Here is the code. fibo_cbv is the relatively normal inlined code generation so typical of modern compilers but makes heavy use of the stack. fibo_cbr is the unusual code generated by GCC for this particular benchmark function. The latter is really rather cunning! My C code isn't quite exactly equivalent to the compiled assembler as I needed to tweak it a bit to get it working correctly.

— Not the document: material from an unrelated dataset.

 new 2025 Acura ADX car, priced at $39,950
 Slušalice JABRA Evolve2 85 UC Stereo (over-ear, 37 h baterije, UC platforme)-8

BTW Recursion is a terrible way to compute these values!

     #include <cmath>
     #include <string>
     #include <stdio.h>

    // N       : 1  2  3  4  5  6  7  8  9 10 11
    // fibo(N) : 1  1  2  3  5  8 13 21 34 55 89

    constexpr auto fibo(unsigned int number) -> unsigned long long {
    //constexpr auto fibo(unsigned int const& number) -> unsigned long long {
        if (number < 2) return number;
        return fibo(number - 1) + fibo(number - 2);
    }

    constexpr auto fibo_cbv(unsigned int number) -> unsigned long long {
        unsigned int result = 0;
        if (number < 2) return number;  
        if (--number < 2) return number; else result = fibo_cbv(number);
        if (--number < 2) return result + number; 
        return result + fibo_cbv(number);
    }

    constexpr auto fibo_cbr(unsigned int const& number) -> unsigned long long {
        switch (number) {
          case 1: return 1;
          case 2: return 1;
          case 3: return 2;
          case 4: return 3;
          case 5: return 5;
          case 6: return 8;
          case 7: return 13;
          default:
      //     return fibo_cbr(number - 1) + fibo_cbr(number - 2);// works much slower
          unsigned long long a = fibo_cbr(number - 6);
          unsigned long long b = fibo_cbr(number - 5);
          return 5 * a + 8 * b;
        }  
    }

    int main()
    {
        std::string input{ "28" };
        unsigned int n;
        for (n = 1; n < 36; n++)
        {
            printf("\nfibo_ref(%i) = %i\n", n,  fibo(n));
            printf("fibo_cbv(%i) = %i\n", n,  fibo_cbv(n));
            printf("fibo_cbr(%i) = %i\n", n, fibo_cbr(n));
        }
    //    return fibo(36);  // fixed value to test
        n = stol(input);
        return fibo(n);
    }

I also noticed whilst experimenting that if I read in a variable N the call by reference code from GCC became even more complicated using a powers of 2 strategy instead to take chunks of 8 or 4 off the initial value of N. I'm not sure which aspect of the test code took it down that path. I can't reproduce it again right now but I am sure I didn't hallucinate that version of the generated code.

Worth noting also that N=92 for fibo(92) is as high as you can go without overflowing for uint64_t.

I haven't been able to get any other C/C++ compiler I tried apart from GCC to do the extensive compile time computations needed to compute fibo(N) to a static constant the slow recursive way.

The short answer to why it is faster for call by reference is that it is using a radically different algorithm that looks nothing like the original C source but is functionally equivalent.

Nothing at all to do with the call by reference vs call by value mechanism.